Captioned web image data
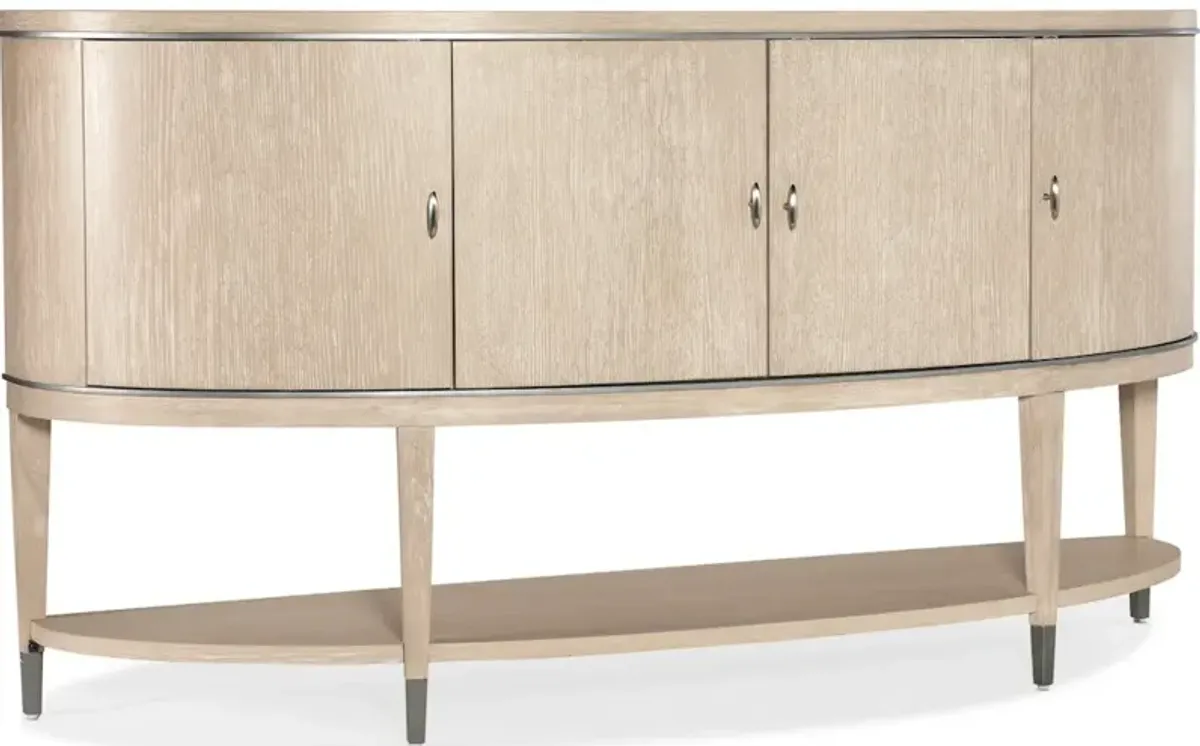 Nouveau Chic Sideboard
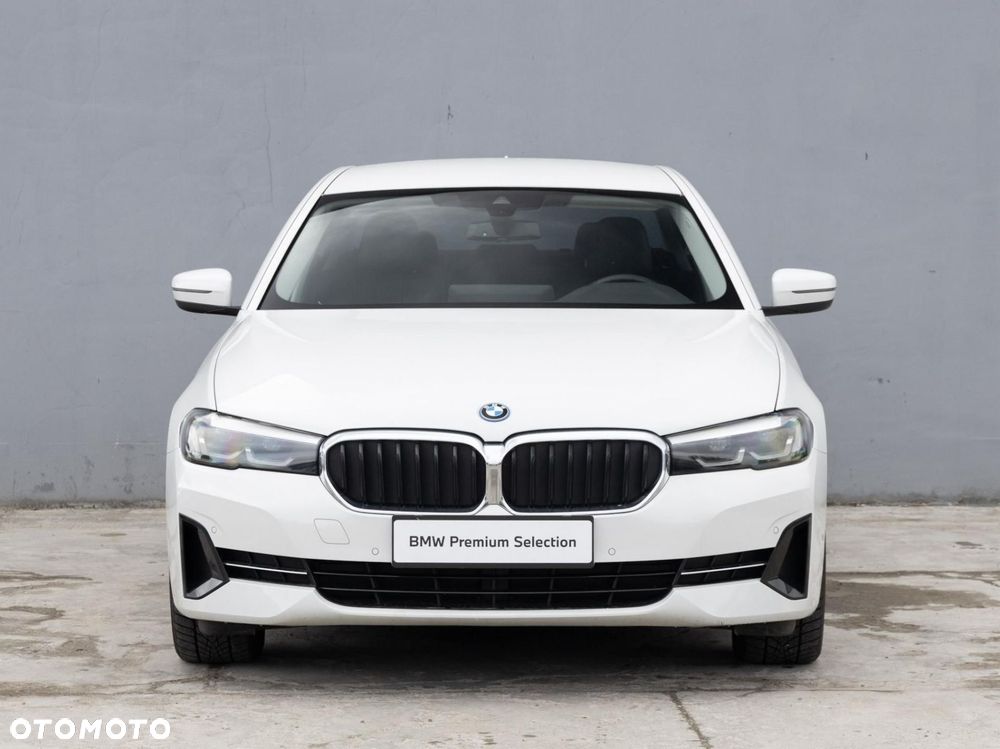 BMW Seria 5 - 5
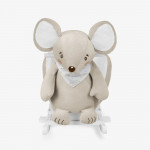 Η φωτογραφία δείχνει ΚΟΥΝΙΣΤΟ ΛΟΥΤΡΙΝΟ ΠΑΙΧΝΙΔΙ ΑΠΟ ΤΗΝ ΕΤΑΙΡΕΙΑ KIKKA BOO.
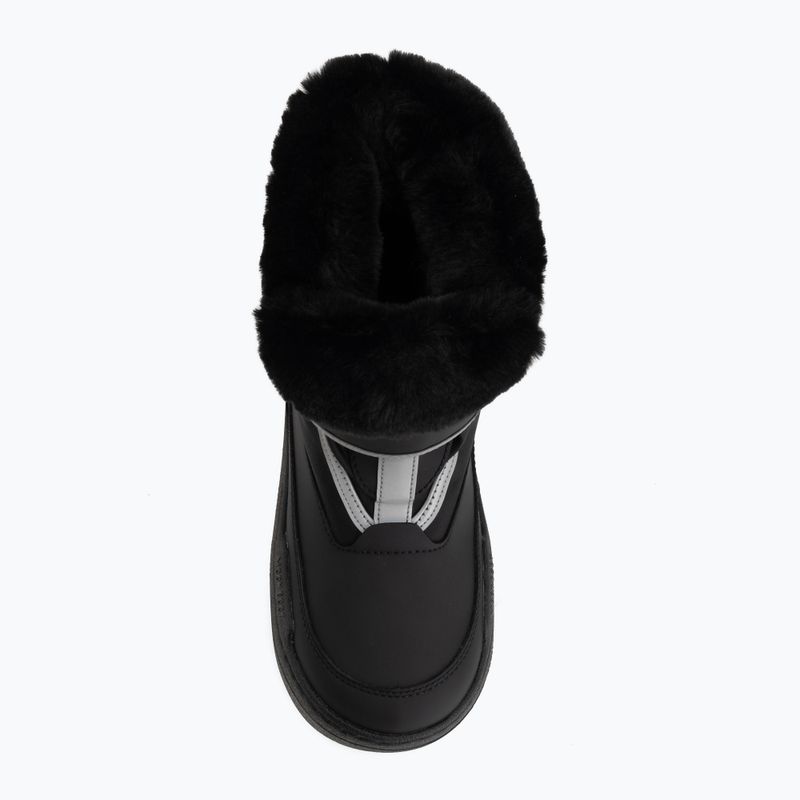 Doposci da bambino Moon Boot Park Strap Jr black 6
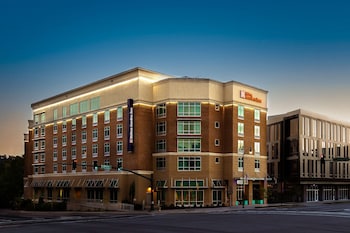 Hilton Garden Inn Asheville Downtown,Hendersonville>>Asheville,3 star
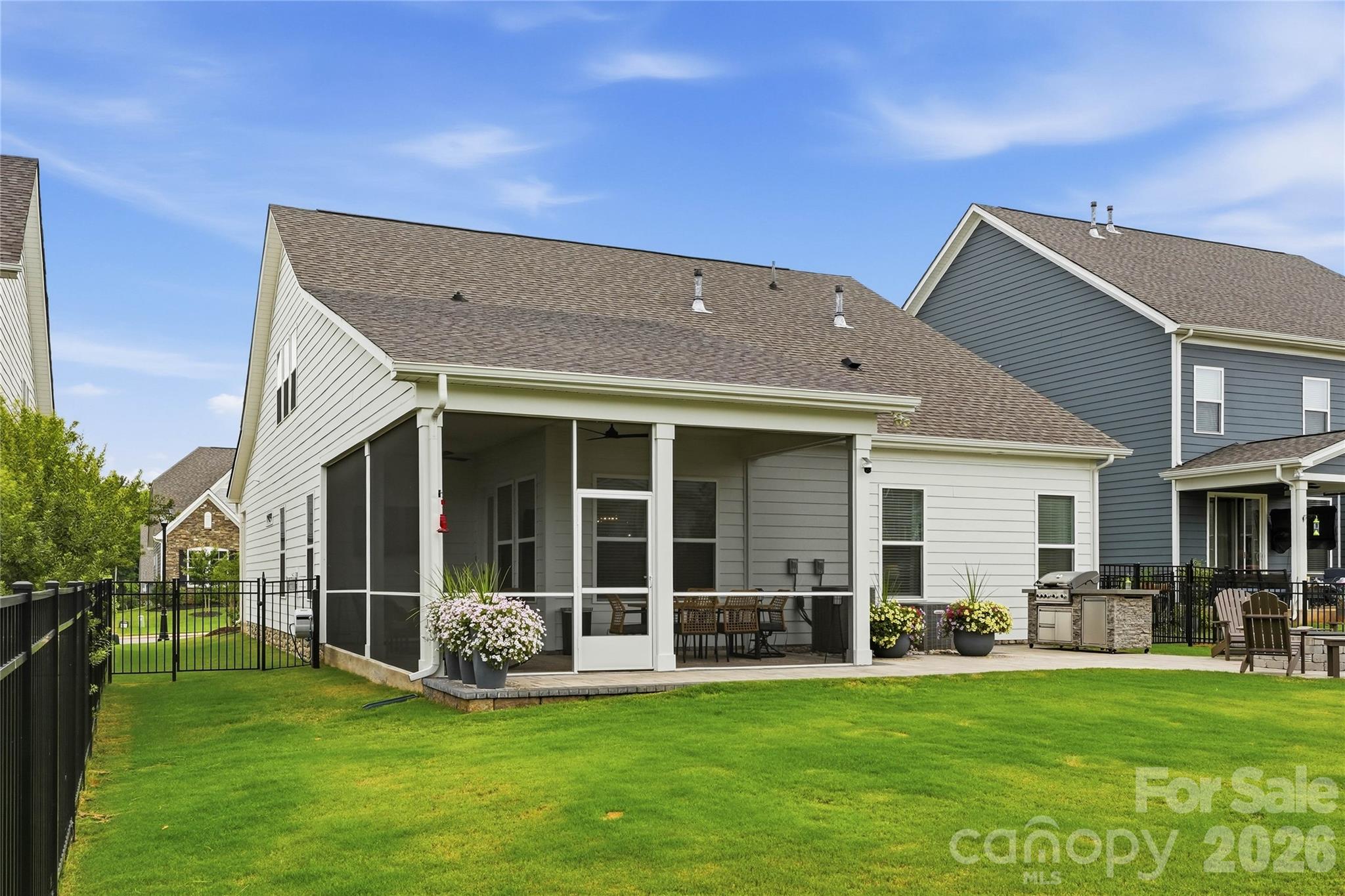 4010 Patsy Drive Mint Hill, NC 28227 - Photo 27 of 36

• **WHAT IS EXPECTED**:
Could the data be reproduced exactly, with the pictures omitted?

• **FINAL ANSWER**:
 Nouveau Chic Sideboard
 BMW Seria 5 - 5
 Η φωτογραφία δείχνει ΚΟΥΝΙΣΤΟ ΛΟΥΤΡΙΝΟ ΠΑΙΧΝΙΔΙ ΑΠΟ ΤΗΝ ΕΤΑΙΡΕΙΑ KIKKA BOO.
 Doposci da bambino Moon Boot Park Strap Jr black 6
 Hilton Garden Inn Asheville Downtown,Hendersonville>>Asheville,3 star
 4010 Patsy Drive Mint Hill, NC 28227 - Photo 27 of 36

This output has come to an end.